Провинциал, человек упрямый, замкнутый, сдержанный (особенно замкнутый потому,
может быть, что глухой), был он чуток ко всякому нарождающемуся течению и
обладал недюжинным философским умом. Сам, как писатель, довольно слабый,—
преданно и понятливо любил литературу, понимал искусство.
Как они дружили,—
интимнейший, даже интимничающий со всеми и везде Розанов и неподвижный,
деревянный Перцов? Непонятно, однако дружили. Розанов набегал на него, как
ласковая волна: “Голубчик, голубчик, да что это, право! Ну, как вам в любви
объясняться? Ведь это тихонечко говорится, на ушко, шепотом, а вы-то и не
услышите. Нельзя кричать такие вещи на весь дом”.
Перцов
глуховато посмеивался в светло-желтые падающие усы свои — не сердился, не
отвечал.
С другим человеком, еще
более сдержанным, каменным (если Перцов был деревянный), вышло однажды у
Розанова, в редакции “Мира Искусства”, не так ладно.
Постоянное
“ядро” редакции, тесно сплоченный дружеский кружок, были: Дягилев, Философов,
Бенуа, Бакст, Нувель и Нурок[6][6] (умерший). Около
них завалилось еще множество людей, близких и далеких. По средам в редакции
бывали собрания, хотя и не очень людные: приглашали туда с выбором. Розанову
эта “нелюдность” нравилась. Он, впрочем, везде был немножко один, или с
кем-нибудь “наедине”, то с тем — то с другим, и не удаляясь, притом, с ним
никуда: но такая уж у него была манера. Или никого не видел, или, в каждый
момент, видел кого-нибудь одного и к нему обращался.
Ни малейшей угрюмости;
веселый, даже шаловливый, чуть рассеянный взгляд сквозь очки, и вид — самый
общительный.
В столовой “Мира Искусства”,
за чаем, вдруг привязался к Сологубу, с обычной каменностью молчащему.
Между Сологубом и Розановым
близости не было. Даже в расцвете розановских “воскресений”, когда на Шпалерную
ходили решительно все (вот уж без выбора-то!),— Сологуба я там не помню.
Но для коренной розановской интимности
все были равны. И Розанов привязался к Сологубу.
— Что это,
голубчик, что это вы сидите так, ни словечка ни с кем. Что это за декадентство.
Смотрю на вас — и, право, нахожу, что вы не человек, а кирпич в сюртуке!

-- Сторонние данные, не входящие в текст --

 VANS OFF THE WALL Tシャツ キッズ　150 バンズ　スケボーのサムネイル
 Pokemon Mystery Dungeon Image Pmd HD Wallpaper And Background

Случилось, что в это время
все молчали. Сологуб тоже помолчал, затем произнес, монотонно, холодно и
явственно:
— А я нахожу,
что вы грубы.
Розанов
осекся. Это он-то, ласковый, нежный,— груб! И, однако, была тут и правда
какая-то; пожалуй, и груб.
Инцидент сейчас же смазали и
замяли, а Розанов, конечно, не научился интимничать с выбором: интимность была
у него природная, неизлечимая, особенная: и прелестная, и противная.
4. НАИМЕНЕЕ РОЖДЕННЫЙ
Вот, сидит
утром в нашей маленькой столовой, в доме Мурузи, на Литейном[7][7],— трясет ногой
(другую подогнул под себя) и что-то пишет на большом листе — меленько-меленько,
непонятно,— если не привыкнуть к его почерку. Старается все уместить на одной
странице, не любит переворачивать.
Это он забежал
с каким-то спешным делом, по Рел. -философским собраниям, что-то нужно кому-то
ответить, возразить, или к докладу заседания что-то прибавить... все равно.
Сапоги у него
с голенищами (рыжеватыми), с толстыми носами. Брюки широкие, серенькие в
полоску. Курит все время — набивные папиросы, со слепыми концами. (По
воскресеньям, за длинным чайным столом, у себя, где столько всякого народу,
набивает их сам; сидит на конце стола, спиной к окнам, и тоже подогнув ногу.)
Давно
присмотрелись мы к его лицу, и ничего уже в нем “мизерабельного” не находим.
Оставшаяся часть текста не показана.